Using Pandas GroupBy to Compare Tipping Behaviour

When you first encounter GroupBy in Pandas, it can feel abstract. The mental model is simple: split your data into groups, run a calculation on each group, then combine the results.

The question

Using the classic Tips dataset: do smokers tip differently from non-smokers?

The code

import seaborn as sns

tips = sns.load_dataset("tips")
tips.groupby("smoker")["tip"].mean()

This returned:

No     2.99
Yes    3.00
Name: tip, dtype: float64

On average, smokers tipped slightly more — but the difference is tiny (about one cent).

Why GroupBy is useful

Without GroupBy you’d write something like:

tips[tips["smoker"] == "No"]["tip"].mean()
tips[tips["smoker"] == "Yes"]["tip"].mean()

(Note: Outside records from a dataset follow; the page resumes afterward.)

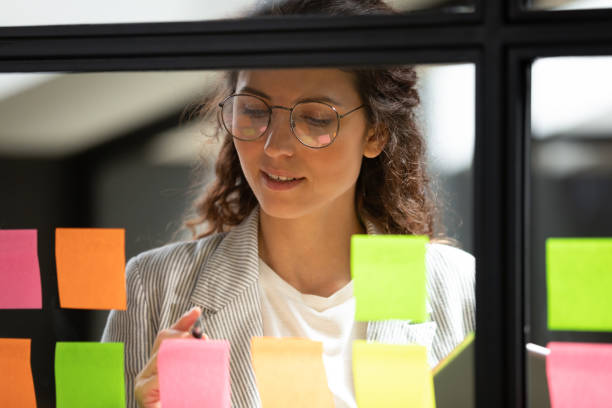 istock Young businesswoman write ideas on sticky notes on glass board 1171786273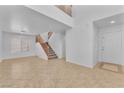 Bright living room with neutral colors, tile flooring, and staircase leading to the second floor at 7621 Breed Hill St, Las Vegas, NV 89149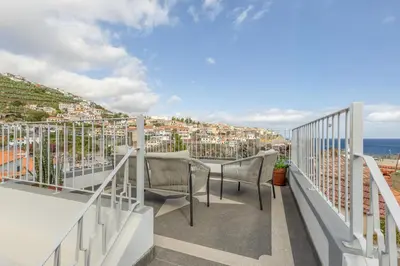 a balcony with chairs and a view of the ocean at Bay View Traditional house in city center in Câmara de Lobos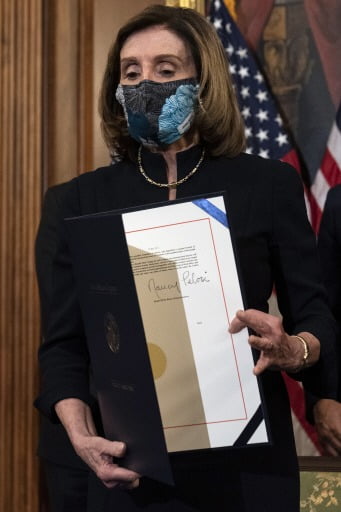 2021년 1월 장례식을 연상시키는 검은색 원피스를 입고 도널드 트럼프 당시 미국 대통령에 대한 탄핵소추안에 서명하는 낸시 펠로시 전 미 하원의장.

That works for two groups. It falls apart when you have many categories or want multiple aggregations at once.

GroupBy scales:

tips.groupby("smoker").agg(
    avg_tip=("tip", "mean"),
    avg_bill=("total_bill", "mean"),
    count=("tip", "count"),
)

One line, multiple metrics, any number of groups.

Takeaway

GroupBy is the workhorse of exploratory data analysis. Whenever you catch yourself filtering the same column repeatedly to compare groups, reach for groupby instead.